We’ve lived in a life where our goal was just to pursue the things that we wanted to pursue, as a family. We love sports, so we played sports. We went to school because our parents wanted us to be successful. We did all these things… and it was only until we got older where we confronted the idea of like…nothing that you can do is gonna make you be able to run away from being Black or biracial.
But I think that it’s an interesting dynamic when your kids start getting older and start becoming woke themselves — and I say woke in the sense of understanding that the world is way more complex and way more gray than the way that my parents wanted to shelter us and make sure that it was kind of more of a Black and White situation.
So when you get older, you start having these conflicts where the interactions of understanding the historical dynamic of different families…whether it’s having my grandparents on one side being fully Black and my grandparents on the other side being fully White…it’s sometimes interesting because the conversations are completely different,the way that we talk about it is completely different, and the way that we understand how race works is completely different. You know, when you look grandparents at who grew up in the ‘60s and one lived in the middle of like Kansas and the other one grew up in the middle of Arkansas, they’re going to have dynamically different perspectives about the world. And so I think growing up it was only until we got older that it’s like coming to terms with that.

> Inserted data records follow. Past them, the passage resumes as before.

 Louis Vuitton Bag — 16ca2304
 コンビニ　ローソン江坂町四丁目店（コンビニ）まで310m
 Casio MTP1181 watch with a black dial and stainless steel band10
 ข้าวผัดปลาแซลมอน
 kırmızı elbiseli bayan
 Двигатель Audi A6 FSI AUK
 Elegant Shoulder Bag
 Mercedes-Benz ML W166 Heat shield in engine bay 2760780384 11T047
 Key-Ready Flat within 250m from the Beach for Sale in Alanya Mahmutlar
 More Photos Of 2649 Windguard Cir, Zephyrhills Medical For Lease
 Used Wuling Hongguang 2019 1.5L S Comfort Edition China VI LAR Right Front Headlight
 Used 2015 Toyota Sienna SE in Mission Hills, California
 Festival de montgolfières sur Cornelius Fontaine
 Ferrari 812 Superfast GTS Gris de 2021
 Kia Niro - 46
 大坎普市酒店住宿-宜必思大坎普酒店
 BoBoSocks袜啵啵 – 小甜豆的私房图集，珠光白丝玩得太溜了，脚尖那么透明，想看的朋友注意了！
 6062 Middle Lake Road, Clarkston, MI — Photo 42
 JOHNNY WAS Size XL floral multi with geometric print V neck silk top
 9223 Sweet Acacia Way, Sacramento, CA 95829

The thing that I will say is that I’m blessed and fortunate to have siblings like I do. Because Morgan, Ashley and Tyler are equally brilliant and smart and thoughtful in their own right. As the oldest you get the responsibility to like, lead the way and share your thoughts and make sure they’re going on the right path. And, if I die tomorrow I ain’t really worried about it. They are their own pillars and they are going to equally do amazing stuff — and it’s not because of me or anything that I did, I was just fortunate to watch it happen.
And so, we do have conversations about race now. And for some strange reason all of us are in some type of humanities background…My sister being in psychology and getting her master’s in psychology.. my little brother getting his master’s in communication…. and then Morgan being a youth pastor and having his master’s in theology… like we all come from a background of like, How can we help people? And so when we’re having texting conversations, it has been really interesting because we all come from that different perspectives and we are able to talk about and understand it. And, so yeah, it’s been cool.
If I died today and people still came to the site. What I want them to say is that it was a stepping stone for them to work harder in their own pursuits and their own dreams. It was a stepping stone for them to understand Black culture and be more aware of the appropriation of Black culture and the beautiful dynamic of Black culture. I hope that it is a stepping stone to…maybe 50 years down the road go back and say, Have we changed as a culture and as a community? And it is a stepping stone for people to actually be proactive and do something and make change.
And understand again what we mean to each other. I can’t express that enough. We’ve got to understand who we are and this interaction between two people or three people or multiple people. Because again, we can be really, really cruel. But when you get down to actually listening to answers from a person, you realize that we’re all just trying to figure out how to make it. This world is harsh. It can be really, really harsh. And I think once we get down to that basic level, I think then it opens the doors up to more things.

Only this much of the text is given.